ダークでゴシックなヴィジュアルとスタイリッシュなアクションシーンに魅せられる。ヴァンパイアの女戦士セリーンを演じたK・ベッキンセイルのセクシーなラバースーツ姿も実に決まっている。目の保養としては申し分ない。
しかし、どれもこれも、どこかで見たことのあるようなシーンばかりで、厳しく見てしまうとオリジナリティに欠けると言わざるを得ない。「マトリックス」(1999米)、「バットマン」(1989米)、「エイリアン2、3」(1986、1992米)、「ブレードランナー」(1982米)、「ハウリング」(1981米)といった所の作品をかなり意識して拝借しているような気がした。このあたりはご愛嬌ということで、突っ込みを入れながら見るのがベターか?
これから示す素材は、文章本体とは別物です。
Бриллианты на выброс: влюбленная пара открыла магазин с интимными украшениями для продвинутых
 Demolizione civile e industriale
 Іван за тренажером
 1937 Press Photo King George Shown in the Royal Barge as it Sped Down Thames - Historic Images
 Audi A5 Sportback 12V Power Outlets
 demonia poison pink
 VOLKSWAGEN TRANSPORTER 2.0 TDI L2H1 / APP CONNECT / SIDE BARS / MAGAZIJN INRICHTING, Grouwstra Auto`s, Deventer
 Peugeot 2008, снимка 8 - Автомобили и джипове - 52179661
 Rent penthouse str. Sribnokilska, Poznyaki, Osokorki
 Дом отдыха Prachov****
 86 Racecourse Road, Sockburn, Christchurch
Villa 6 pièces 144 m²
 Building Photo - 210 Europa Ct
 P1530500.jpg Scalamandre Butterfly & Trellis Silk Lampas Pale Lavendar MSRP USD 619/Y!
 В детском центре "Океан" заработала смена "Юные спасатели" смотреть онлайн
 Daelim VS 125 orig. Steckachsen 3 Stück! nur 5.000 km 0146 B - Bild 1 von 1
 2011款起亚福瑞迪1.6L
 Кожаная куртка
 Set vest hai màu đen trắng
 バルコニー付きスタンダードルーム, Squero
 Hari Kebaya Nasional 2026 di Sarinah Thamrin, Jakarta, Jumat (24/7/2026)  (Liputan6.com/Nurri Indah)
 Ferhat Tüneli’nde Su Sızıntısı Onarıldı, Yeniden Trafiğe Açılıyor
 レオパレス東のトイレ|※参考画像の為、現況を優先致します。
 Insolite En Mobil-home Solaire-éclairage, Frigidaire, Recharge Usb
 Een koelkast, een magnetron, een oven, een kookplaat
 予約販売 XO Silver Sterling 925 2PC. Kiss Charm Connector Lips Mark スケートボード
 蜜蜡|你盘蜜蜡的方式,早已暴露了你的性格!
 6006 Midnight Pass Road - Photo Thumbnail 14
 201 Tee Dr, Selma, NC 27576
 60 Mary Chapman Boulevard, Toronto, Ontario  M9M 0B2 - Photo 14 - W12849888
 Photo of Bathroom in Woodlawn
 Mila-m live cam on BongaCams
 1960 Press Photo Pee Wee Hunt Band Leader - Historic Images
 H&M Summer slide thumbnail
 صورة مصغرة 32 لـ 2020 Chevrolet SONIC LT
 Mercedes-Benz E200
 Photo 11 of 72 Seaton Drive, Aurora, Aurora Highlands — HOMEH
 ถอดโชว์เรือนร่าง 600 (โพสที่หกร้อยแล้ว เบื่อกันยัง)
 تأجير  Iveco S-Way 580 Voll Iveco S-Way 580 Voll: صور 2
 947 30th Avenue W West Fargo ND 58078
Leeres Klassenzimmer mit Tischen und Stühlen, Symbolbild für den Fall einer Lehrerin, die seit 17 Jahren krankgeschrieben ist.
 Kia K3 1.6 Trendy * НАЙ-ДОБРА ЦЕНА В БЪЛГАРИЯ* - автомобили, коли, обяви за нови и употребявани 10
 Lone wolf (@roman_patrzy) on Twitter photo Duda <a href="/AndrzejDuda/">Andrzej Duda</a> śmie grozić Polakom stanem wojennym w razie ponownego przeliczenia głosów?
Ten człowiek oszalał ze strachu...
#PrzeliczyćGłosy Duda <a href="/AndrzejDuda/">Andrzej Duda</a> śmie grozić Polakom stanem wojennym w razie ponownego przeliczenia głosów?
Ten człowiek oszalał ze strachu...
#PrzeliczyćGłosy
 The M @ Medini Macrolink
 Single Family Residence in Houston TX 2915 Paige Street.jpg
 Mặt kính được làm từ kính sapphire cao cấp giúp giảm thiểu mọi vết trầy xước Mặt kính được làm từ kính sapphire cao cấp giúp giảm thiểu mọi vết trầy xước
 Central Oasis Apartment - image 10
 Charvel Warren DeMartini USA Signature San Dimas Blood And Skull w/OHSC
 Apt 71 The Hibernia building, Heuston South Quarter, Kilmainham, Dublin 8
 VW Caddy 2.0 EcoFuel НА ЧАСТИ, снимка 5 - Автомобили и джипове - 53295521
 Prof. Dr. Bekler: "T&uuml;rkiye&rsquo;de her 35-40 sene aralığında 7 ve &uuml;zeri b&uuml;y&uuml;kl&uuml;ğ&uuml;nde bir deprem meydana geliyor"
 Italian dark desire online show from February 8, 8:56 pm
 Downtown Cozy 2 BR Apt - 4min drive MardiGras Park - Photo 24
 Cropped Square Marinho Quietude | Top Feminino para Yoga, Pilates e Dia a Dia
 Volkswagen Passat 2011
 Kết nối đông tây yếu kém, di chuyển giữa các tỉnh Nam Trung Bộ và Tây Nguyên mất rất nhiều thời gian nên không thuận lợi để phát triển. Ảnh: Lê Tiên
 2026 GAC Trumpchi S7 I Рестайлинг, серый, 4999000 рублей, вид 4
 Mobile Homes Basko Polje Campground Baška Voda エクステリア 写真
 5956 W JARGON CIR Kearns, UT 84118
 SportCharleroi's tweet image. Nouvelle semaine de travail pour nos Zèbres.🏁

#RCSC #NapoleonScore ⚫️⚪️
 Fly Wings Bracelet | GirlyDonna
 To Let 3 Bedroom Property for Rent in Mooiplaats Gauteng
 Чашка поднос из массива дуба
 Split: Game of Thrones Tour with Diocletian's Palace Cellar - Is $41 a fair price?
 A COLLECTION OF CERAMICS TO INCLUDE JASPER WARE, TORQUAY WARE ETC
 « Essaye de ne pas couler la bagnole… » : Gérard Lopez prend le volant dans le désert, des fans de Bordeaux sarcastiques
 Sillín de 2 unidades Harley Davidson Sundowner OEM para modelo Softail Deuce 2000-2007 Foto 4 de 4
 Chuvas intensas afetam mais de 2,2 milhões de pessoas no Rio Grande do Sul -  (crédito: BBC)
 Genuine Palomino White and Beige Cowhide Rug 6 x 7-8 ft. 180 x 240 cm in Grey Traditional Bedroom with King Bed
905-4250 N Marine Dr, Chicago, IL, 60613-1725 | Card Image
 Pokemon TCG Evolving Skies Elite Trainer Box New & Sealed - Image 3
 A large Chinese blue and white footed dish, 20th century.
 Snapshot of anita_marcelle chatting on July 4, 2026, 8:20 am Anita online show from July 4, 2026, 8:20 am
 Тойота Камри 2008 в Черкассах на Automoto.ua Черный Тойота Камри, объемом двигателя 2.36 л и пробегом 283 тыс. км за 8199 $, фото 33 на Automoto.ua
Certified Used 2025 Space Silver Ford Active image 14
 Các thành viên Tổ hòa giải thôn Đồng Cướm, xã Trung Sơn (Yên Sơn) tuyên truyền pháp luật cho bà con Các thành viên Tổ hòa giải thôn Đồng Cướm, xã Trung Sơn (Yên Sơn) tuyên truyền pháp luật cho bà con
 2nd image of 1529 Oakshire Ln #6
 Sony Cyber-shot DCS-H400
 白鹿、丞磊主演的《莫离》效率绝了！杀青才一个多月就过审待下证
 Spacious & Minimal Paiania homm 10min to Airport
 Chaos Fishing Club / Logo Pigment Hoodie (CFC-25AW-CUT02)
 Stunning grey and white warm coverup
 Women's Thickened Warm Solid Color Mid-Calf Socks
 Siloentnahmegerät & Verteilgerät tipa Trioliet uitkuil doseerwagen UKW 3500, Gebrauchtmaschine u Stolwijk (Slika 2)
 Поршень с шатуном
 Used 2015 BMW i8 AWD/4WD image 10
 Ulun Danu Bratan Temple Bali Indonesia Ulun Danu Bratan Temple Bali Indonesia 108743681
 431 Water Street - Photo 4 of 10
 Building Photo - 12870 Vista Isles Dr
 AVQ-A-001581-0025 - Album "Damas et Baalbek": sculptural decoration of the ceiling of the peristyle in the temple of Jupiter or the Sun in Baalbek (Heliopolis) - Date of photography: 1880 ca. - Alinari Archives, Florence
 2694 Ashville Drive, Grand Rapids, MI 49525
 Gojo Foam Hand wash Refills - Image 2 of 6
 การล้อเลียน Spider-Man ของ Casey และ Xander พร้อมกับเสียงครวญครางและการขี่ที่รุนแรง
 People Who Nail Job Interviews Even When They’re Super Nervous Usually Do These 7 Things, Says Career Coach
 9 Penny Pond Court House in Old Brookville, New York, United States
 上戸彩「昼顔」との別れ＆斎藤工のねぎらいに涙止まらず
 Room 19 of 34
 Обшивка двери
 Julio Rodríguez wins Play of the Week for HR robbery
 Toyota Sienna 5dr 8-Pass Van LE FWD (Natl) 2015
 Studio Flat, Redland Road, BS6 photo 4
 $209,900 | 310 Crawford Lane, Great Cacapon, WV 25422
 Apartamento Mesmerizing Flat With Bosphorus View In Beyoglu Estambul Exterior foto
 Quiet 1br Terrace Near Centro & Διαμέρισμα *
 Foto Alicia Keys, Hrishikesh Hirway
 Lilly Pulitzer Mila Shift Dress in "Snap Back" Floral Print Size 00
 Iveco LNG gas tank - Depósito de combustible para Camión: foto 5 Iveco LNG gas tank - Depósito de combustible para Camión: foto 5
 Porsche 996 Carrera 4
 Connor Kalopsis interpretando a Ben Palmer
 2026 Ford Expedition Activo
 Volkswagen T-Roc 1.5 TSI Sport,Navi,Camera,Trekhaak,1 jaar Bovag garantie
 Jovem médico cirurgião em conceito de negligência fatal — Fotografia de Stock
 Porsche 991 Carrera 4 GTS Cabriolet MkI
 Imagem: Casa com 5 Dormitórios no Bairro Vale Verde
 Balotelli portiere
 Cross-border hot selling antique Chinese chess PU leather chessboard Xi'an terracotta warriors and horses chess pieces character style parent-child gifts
物語は理詰めに終始する前半はやや退屈した。後半からようやく波に乗っていける感じだ。各キャラクターの過去を明らかにしながらドラマチックに盛り上げられていく。特に、ルシアンとビクターの因縁は中々捻りが効いていて面白かった。ただ、これが前面に出すぎてしまった感がする。その間、本来の主人公であるセリーンが後方に追いやられてしまい、ドラマ的にどっちに向かおうとしているのかよく分からなくなってしまった。そもそも終盤のセリーンの立ち振る舞いにどんどん一貫性が無くなっていくのも問題である。ヴァンパイアの若きリーダー、クレイブンとの確執はどこへ行った?敵であるルシアンの言葉を素直に信じてしまうのはいかがなものか?キャラクターの芯がぶれるのでドラマに中々集中できない。終盤はもっときちんと考えて作って欲しかった。
尚、シリーズ化され現在のところ3作目まで作られている。第4作は来年全米公開で企画されているが、コアなファンを持つこの手のシリーズの命運は、やはりその世界観を崩さないということに尽きるだろう。ただ、逆に言うとマンネリ化というジレンマも抱えることになる。このあたりを製作側がどう判断するか?難しい問題だが、果たして‥?